The Escrow Agreement shall provide that the Borrower may make periodic requests of the Agent and Liberty for releases from the Escrow Account (each, a “Request”), which are subject to review and approval by the Agent and Liberty. If approved, the Agent and Liberty shall jointly direct the Escrow Agent to release such approved amounts to the Borrower for payment as contemplated in the Request. The Borrower shall have ten Banking Days from the date of release of funds to make the payments contemplated in the Request and provide the Agent and Liberty an officer’s certificate of a senior financial officer of the Borrower confirming the making of such payments. Any failure by the Borrower to either make the payments contemplated in the Request or to provide the officer’s certificate confirming such payments shall constitute an Event of Default under both the Credit Agreement and the Liberty Credit Agreement. Upon the occurrence of an Event of Default under either the Credit Agreement or the Liberty Credit Agreement, the Agent shall be entitled, in its sole and absolute discretion, to direct the Escrow Agent to release all remaining Escrow Funds to the Agent and the Agent may use and apply such Escrow Funds to reduce the Facility Indebtedness. In connection therewith, the Agent shall deliver written notice to Liberty and to the Borrower confirming same. If the Facility Indebtedness is paid in full prior to the termination of the Escrow Agreement, the Agent shall direct the Escrow Agent to deliver all remaining Escrow Funds to counsel to Liberty, and thereupon, the Escrow Agent shall resign and counsel to Liberty shall be deemed to be appointed successor escrow agent under the Escrow Agreement and the provisions above shall apply mutatis mutandis to Liberty and the Liberty Facility Indebtedness. Upon the Facility Indebtedness being repaid in full, Liberty shall direct the Escrow Agent to release all remaining Escrow Funds to the Borrower or as the Borrower may direct.
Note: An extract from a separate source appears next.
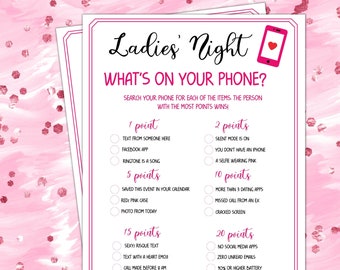 What's in Your Purse Ladies Night Games Whats in Your - Etsy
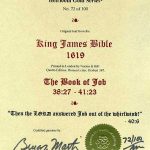 King James - 1619 - JOB 38:27-41:23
6.2 | Macquarie and BMONB Payments |
No amounts (other than an aggregate amount of US$1,000,000 to be paid to Macquarie Capital Markets Canada Ltd. ("Macquarie") and BMO Xxxxxxx Xxxxx Inc. ("BMONB") from the remaining proceeds (after depositing the Reserve Funds with the Agent) of the Impala/Waterberg Transaction) shall be paid by (or on behalf of) the Credit Parties to any Person in connection with any finder’s fee, commission, success fee or similar payment in connection with the transactions contemplated by the Impala/Waterberg Transaction or the RBPlat/Maseve Transaction, including (i) Macquarie under the letter agreement dated March 11, 2015 (the "Macquarie Letter Agreement") or (ii) BMONB under the letter agreement dated February 23, 2015 (the "BMONB Letter Agreement"), in each case until the Facility Indebtedness and all Indebtedness under the Liberty Documents are fully repaid and discharged and (C) the Credit Parties may not (i) amend the Macquarie Letter Agreement or BMONB Letter Agreement or (ii) enter into an agreement with Macquarie or BMONB or their affiliates which relates to the subject matter of the Macquarie Letter Agreement or BMONB Letter Agreement.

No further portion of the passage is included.